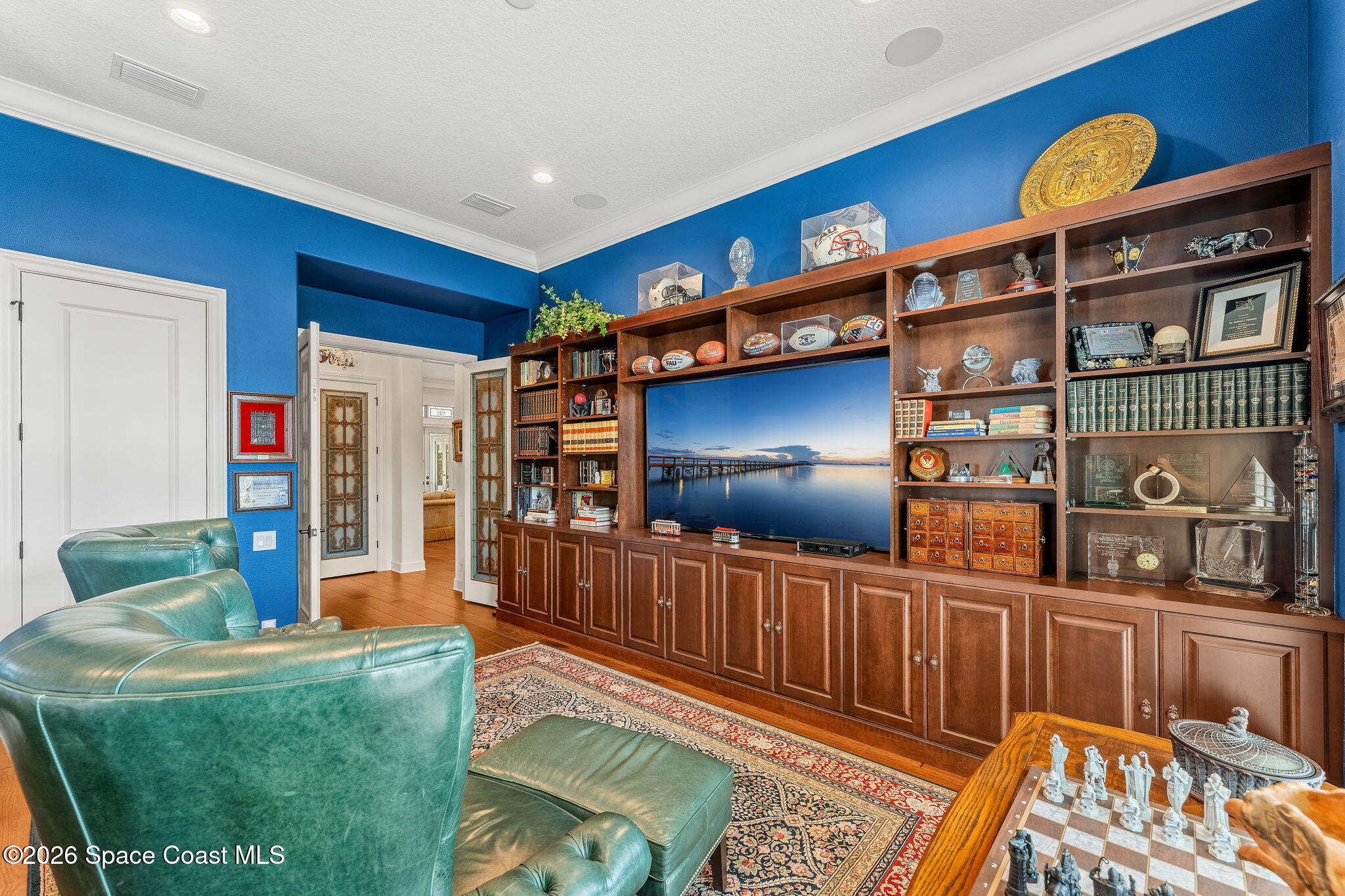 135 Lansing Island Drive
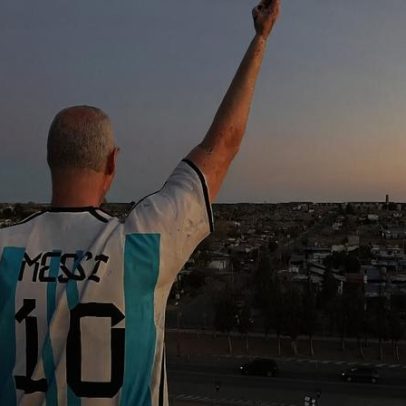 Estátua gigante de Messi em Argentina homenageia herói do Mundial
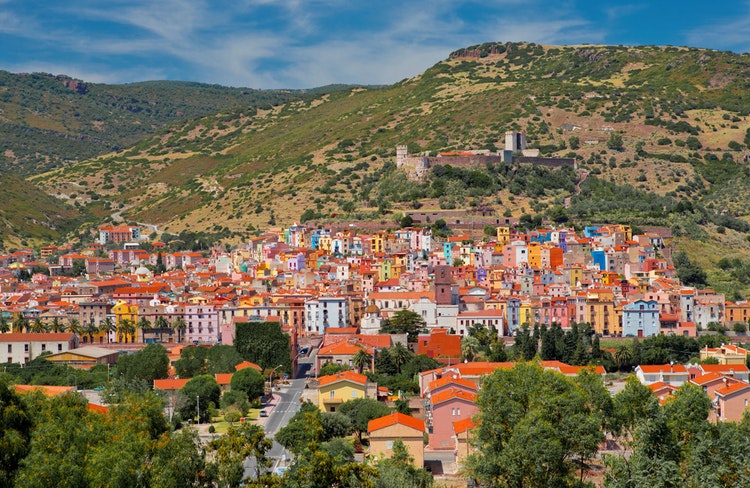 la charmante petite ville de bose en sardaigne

---

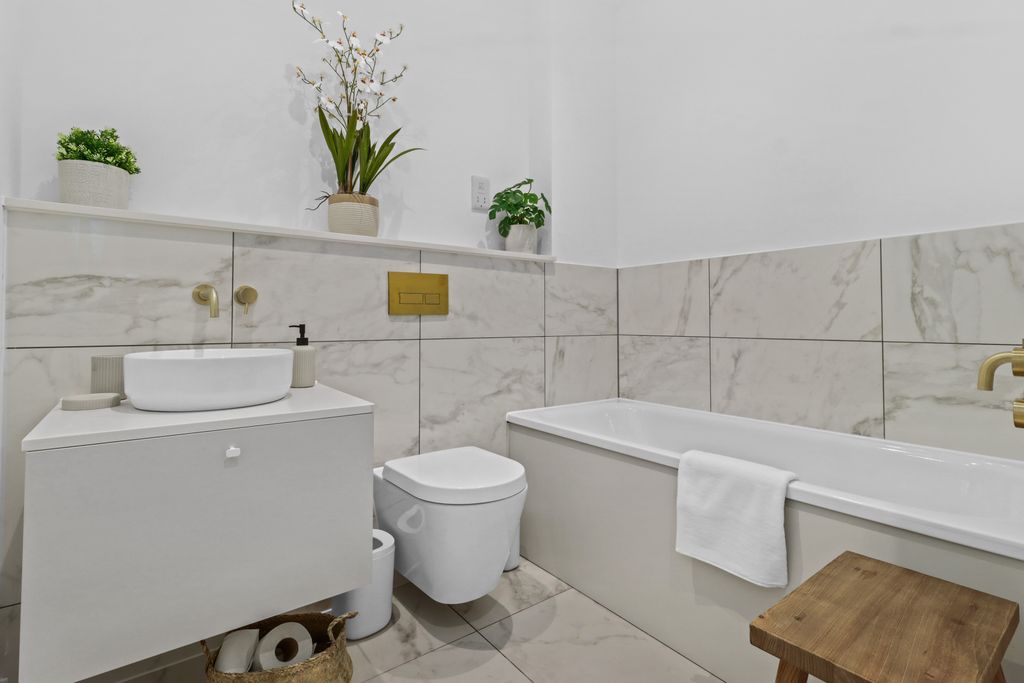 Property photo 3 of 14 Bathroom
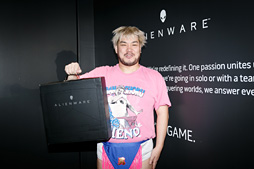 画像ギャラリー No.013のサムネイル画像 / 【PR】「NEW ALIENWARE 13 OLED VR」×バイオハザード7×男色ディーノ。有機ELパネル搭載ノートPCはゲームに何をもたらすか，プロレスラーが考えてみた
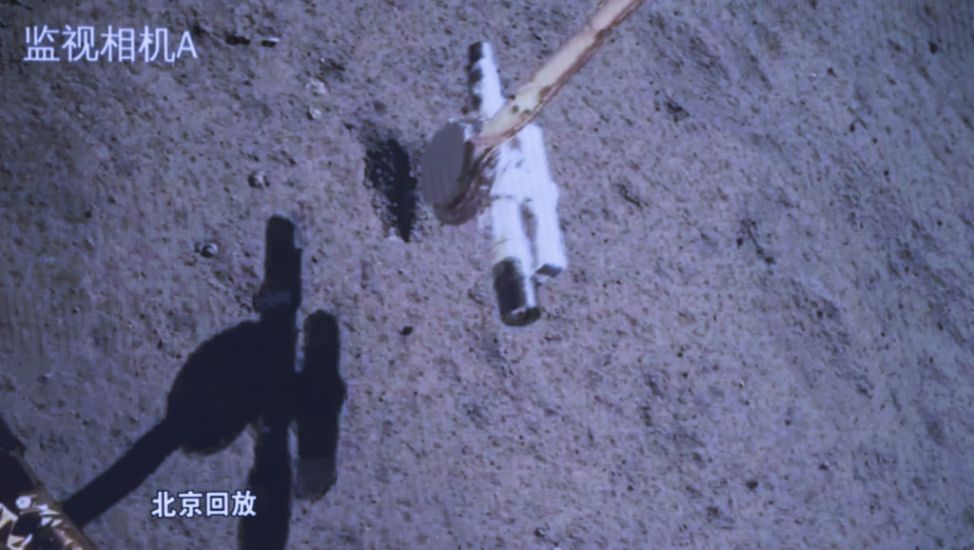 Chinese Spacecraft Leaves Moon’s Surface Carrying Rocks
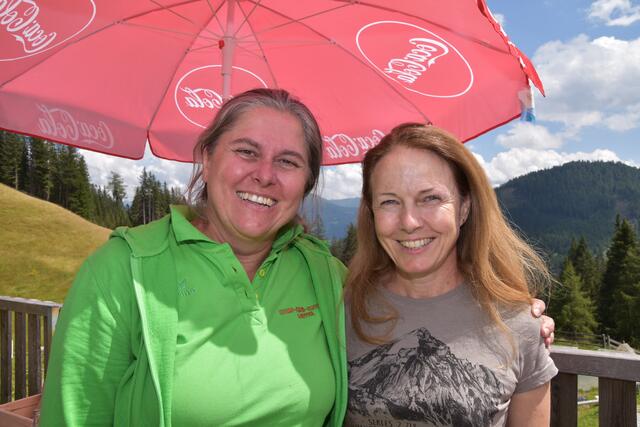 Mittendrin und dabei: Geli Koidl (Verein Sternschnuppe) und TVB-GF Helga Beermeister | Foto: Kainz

**ACTION ITEM**
Find where the line with "135 Lansing Island Drive" sits in the material above and where the line with "la charmante petite" sits. Set down exactly the lines from the first to the second, both included and nothing else, without pictures.

**ANSWER SECTION**
 135 Lansing Island Drive
 Estátua gigante de Messi em Argentina homenageia herói do Mundial
 la charmante petite ville de bose en sardaigne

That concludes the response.